Why not replace \x0A (with a space) when it is not immediately preceded by \x0D

s/(?<!\x0D)\x0A/ /;

This uses negative lookbehind

It is probably safest to read the file into a string ("slurp" it) as it is not clear what those LF/CRLF will do for reading it "line by line" -- what is a "line" on the OS on which this is processed? So

perl -0777 -wpE's/(?<!\x0D)\x0A/ /g' file

The 0777 command switch effectively unsets the input record separator.

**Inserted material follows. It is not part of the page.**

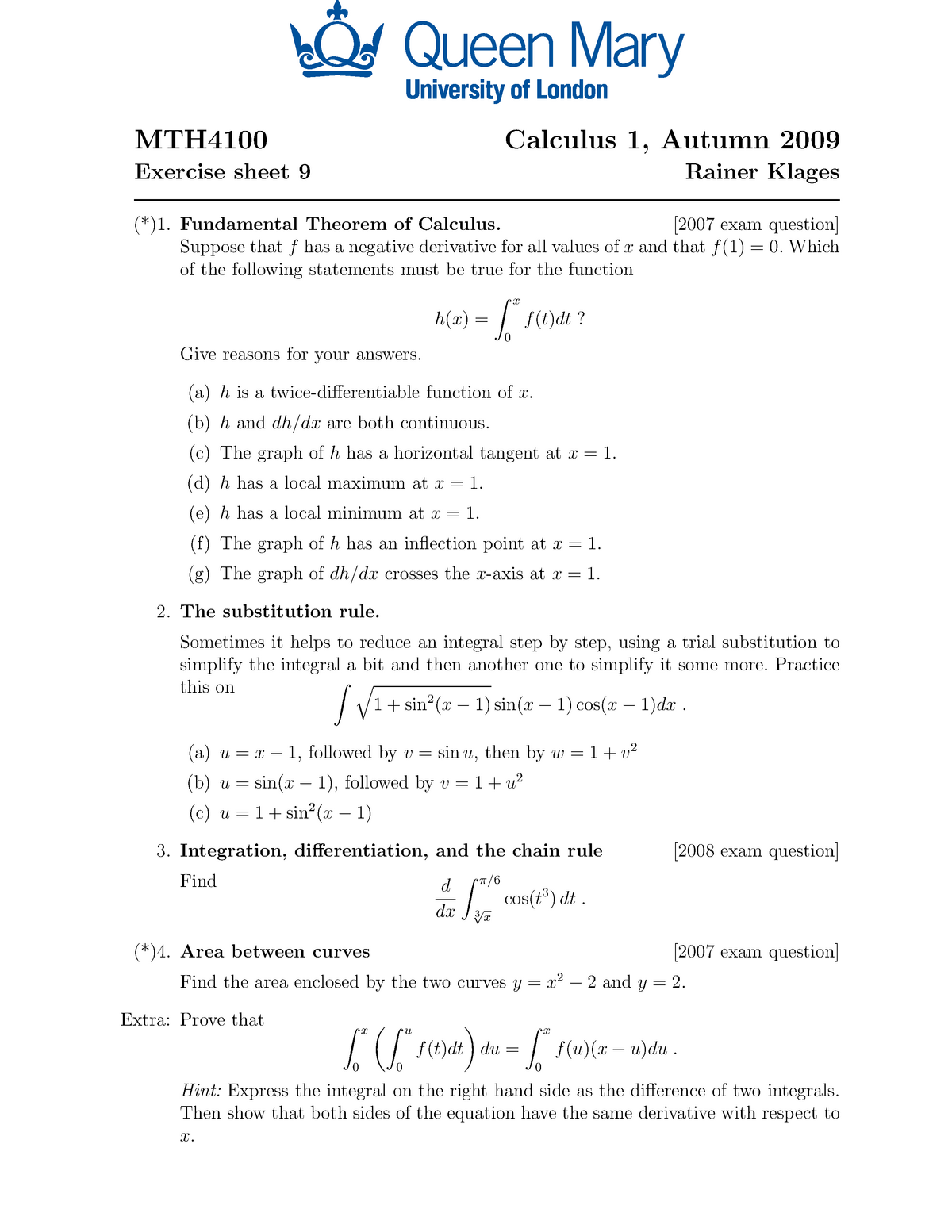 Exercise Sheet 9 Questions Studocu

This prints out the file with changes. To change it in place, add -i. See the linkd docs.

Answer 3

To be clear, you have records separated by a carriage-return / newline pair (and I edited your question for that). )And, update, you didn't have CSV as you said you did and fixed-length records makes a big difference. Why are there line endings in fixed-length records?) You can set the line ending to that, read one record at a time, and modify anything you like in it. You don't need chomp or any special line ending armor.

Here's a sample file, where there's a newline between the two NL literals and the line endings are CRLF (although Stackoverflow won't show you that probably):

one,two,three
uno,dos,tress
dog,cat,NL
NL
one,two,again

And what it looks like (notice 4e 4c 0a 4e 4c)

$ hexdump -C badinput.txt
00000000  6f 6e 65 2c 74 77 6f 2c  74 68 72 65 65 0d 0a 75  |one,two,three..u|
00000010  6e 6f 2c 64 6f 73 2c 74  72 65 73 73 0d 0a 64 6f  |no,dos,tress..do|
00000020  67 2c 63 61 74 2c 4e 4c  0a 4e 4c 0d 0a 6f 6e 65  |g,cat,NL.NL..one|
00000030  2c 74 77 6f 2c 61 67 61  69 6e 0d 0a              |,two,again..|
0000003c

Now I need to read this so that the line endings are CRLF. I set the special variable $/ (input record separator) to whatever I want. Now the bare LF isn't a problem because it's just a part of line 3, and since I don't do anything to the CR, the line endings are still CRLF (which you probably won't see here):

$ perl -ne 'print qq($. $_) } BEGIN { $/ = qq(\xd\xa) ' badinput.txt
1 one,two,three
2 uno,dos,tress
3 dog,cat,NL
NL
4 one,two,again

Next I replace all NL that are not at the end of the line (so, only interior ones). This uses a negative lookahead to check for the absolute end of string: (?!\z), but other sorts of patterns will work (such as zdim's answer):

$ perl -ne 's/\xa(?!\z)/ /g; print qq($. $_) } BEGIN { $/ = qq(\xd\xa) ' badinput.txt
1 one,two,three
2 uno,dos,tress
3 dog,cat,NL NL
4 one,two,again

Since the -n is really just wrapping the argument to -e, I can use its starting and ending braces to open and close different things. I close off the implicit while myself and use the leftover implicit closing brace for the BEGIN. No big whoop. But, this trick doesn't work with -p because there is additional implicit code that perl adds.